「〜で、 もんで」(〜から、理由)
・すごい渋滞しとるで、間に合わんわ。ゴメン。
・えらい人気あるで、チケット、簡単には手に入らんだら。
・疲れとるみたいだで、休みん。
・パソコン、壊れたもんで、仕事にならんわ。
・あいつ、やる気出んって言っとったらー。 だもんで、試験に落ちるんだわ。
理由の接続詞「〜で」は東海・中部地方の大部分で使うので、東三河でも当然使われる(「〜だから」→「〜だで」となる)。 若者の間でもかなり使われるが、共通語式に「〜から」に置き換えられることもままあるようだ。
一方、「〜もんで」については、共通語でも「〜もので」があるので、方言と意識されることが少ない。そのため、東三河の人は東京などよその地方でも使ってしまい、指摘されて初めて方言と認識することが多いようだ。 特に「だもんで」は他地方では耳に付きやすい。

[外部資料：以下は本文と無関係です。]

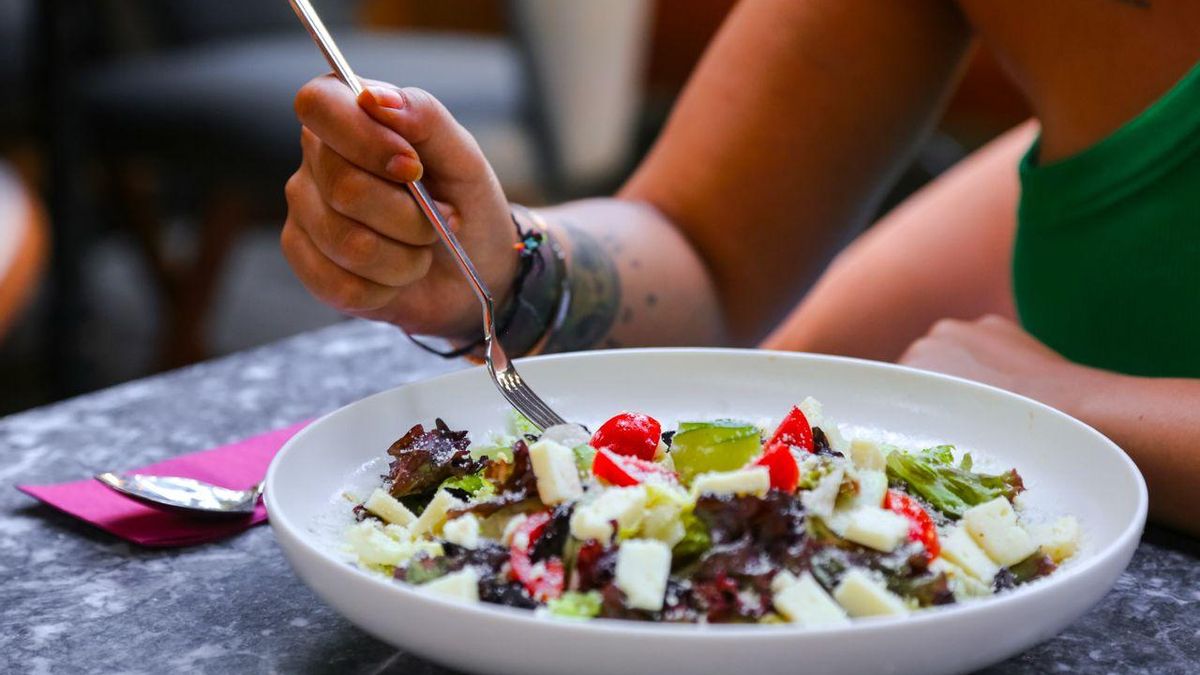 Una dietista explica por qué en verano apetece comer menos: "Debemos adaptar la alimentación a la época del año"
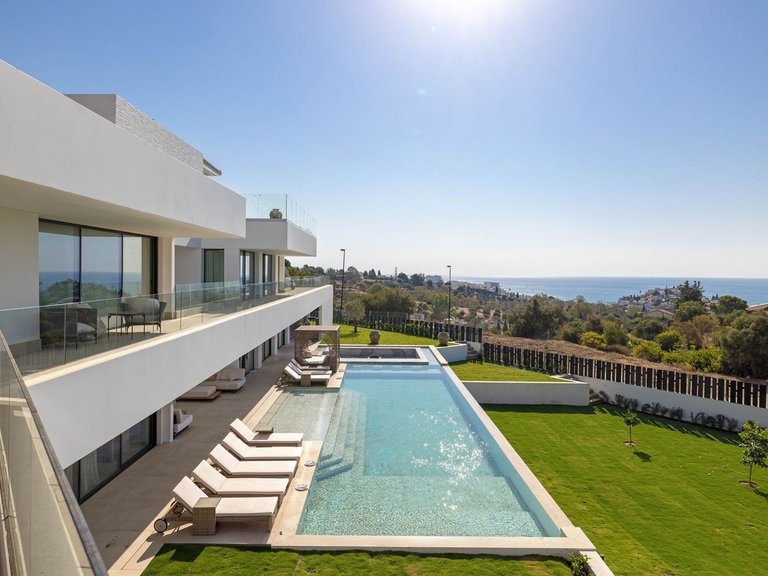 Villa for Sale in Benalmadena, Malaga 1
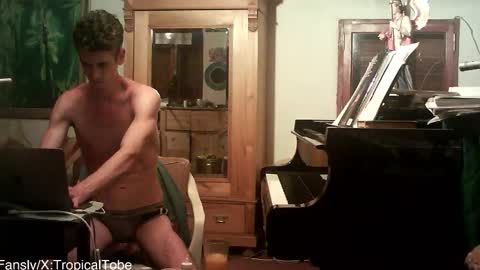 TobeBritta online show from February 10, 2026, 10:47 pm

付け加えるなら、かつては同じ意味で「〜もんだい」(「だもんだい」)という接続詞も広く使われていた。 「〜で」が変化したものらしいが、これは東三河だけに使われる。ただし現在は70代以上の高齢者のみが使っているに過ぎない。
「〜まい」(〜しよう、 勧誘)
・久しぶりだで、今日は思いっきり飲もまい。
・まだ時間あるで、もう一軒行こまい。
・気楽にやろまい。今日は貸切だで。
誘いの表現である「〜まい」は若者の間でもかなり使われるという。 現在では強い誘い文句というニュアンスがあるようだ。

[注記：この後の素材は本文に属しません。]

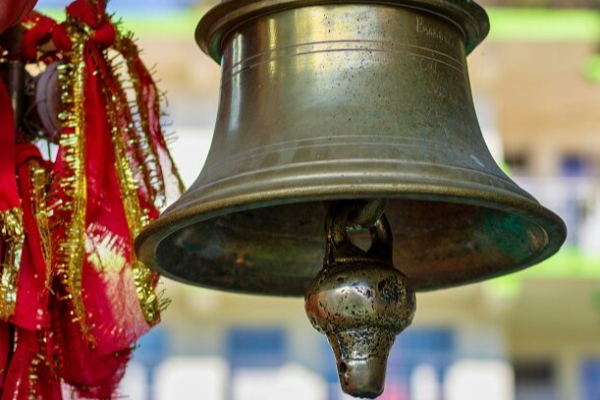 இது தெரியாமல் தினமும் ஆலயம் சென்று வழிபாடு செய்யாதீர்கள் | Benefits Of Visiting Temple Daily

分布範囲は東海・中部地方の広い範囲だが、本来の活用形が地域ごとに異なる。名古屋を中心とした尾張や西三河では「行こまい」「やろまい」であり、東三河では本来「行かまい」「やらまい」だったことが先行研究に書かれている(この活用形は、静岡や長野に連続する)。 これが現在、東三河でも「行こまい」「やろまい」となったのは共通語に影響されたものと考えられる。とは言え、現在でも「〜まい」が使われているのは興味深い。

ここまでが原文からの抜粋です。